## Data extracts
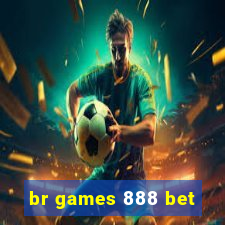 br games 888 bet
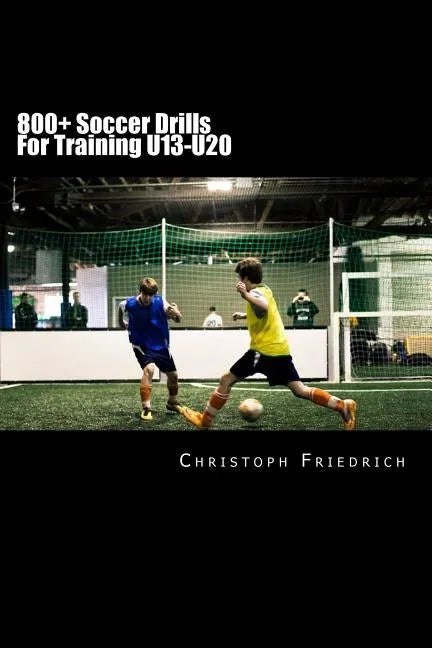 800+ Soccer Training Drills For U13-U20: Soccer Football Practice Drills For Youth Coaching & Skills Training - Paperback
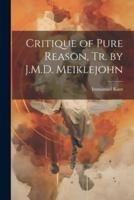 Critique of Pure Reason, Tr. By J.M.D. Meiklejohn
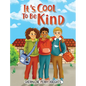 It's Cool To Be Kind - Hardcover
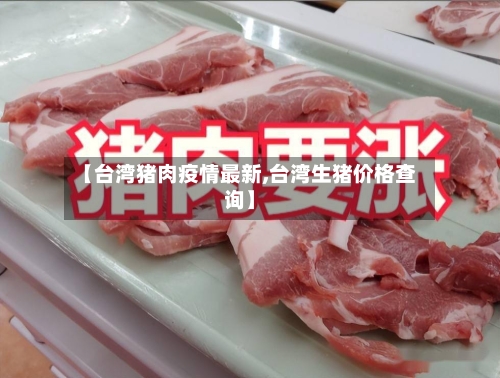 【台湾猪肉疫情最新,台湾生猪价格查询】-第1张图片
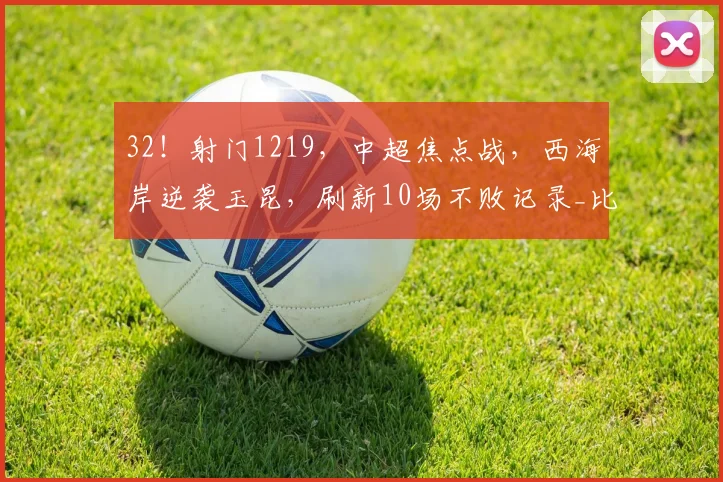 32！射门1219，中超焦点战，西海岸逆袭玉昆，刷新10场不败记录_比赛_内尔松·卢斯_云南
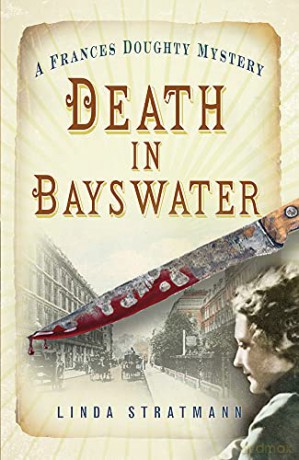 Death in Bayswater: A Frances Doughty Mystery 6 (Frances Doughty Mysteries) - Stratmann [KSIĄŻKA]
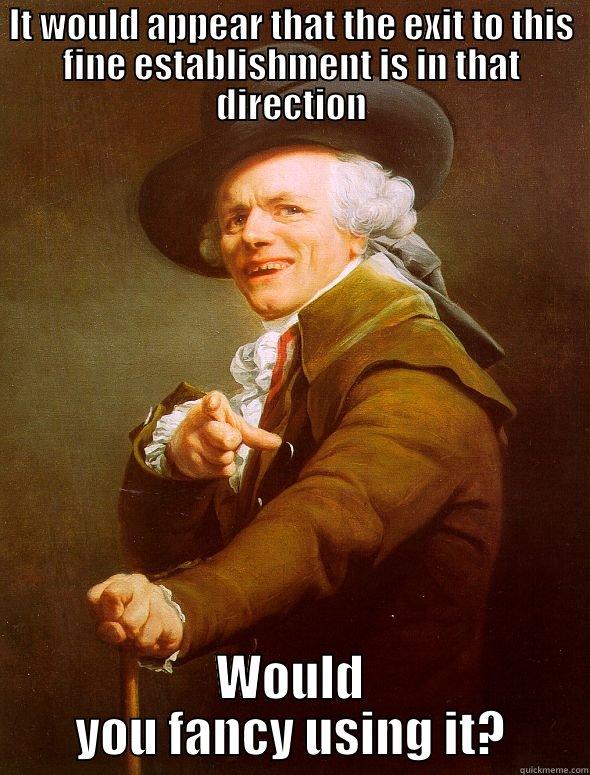 IT WOULD APPEAR THAT THE EXIT TO THIS FINE ESTABLISHMENT IS IN THAT DIRECTION WOULD YOU FANCY USING IT? Joseph Ducreux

## Activity
Pictures excluded, reproduce only the part above that opens with the line holding "It's Cool To Be Kind - Hardcover" and closes with the line holding "Death in Bayswater: A", exactly as written.

## Solved exercise
 It's Cool To Be Kind - Hardcover
 【台湾猪肉疫情最新,台湾生猪价格查询】-第1张图片
 32！射门1219，中超焦点战，西海岸逆袭玉昆，刷新10场不败记录_比赛_内尔松·卢斯_云南
 Death in Bayswater: A Frances Doughty Mystery 6 (Frances Doughty Mysteries) - Stratmann [KSIĄŻKA]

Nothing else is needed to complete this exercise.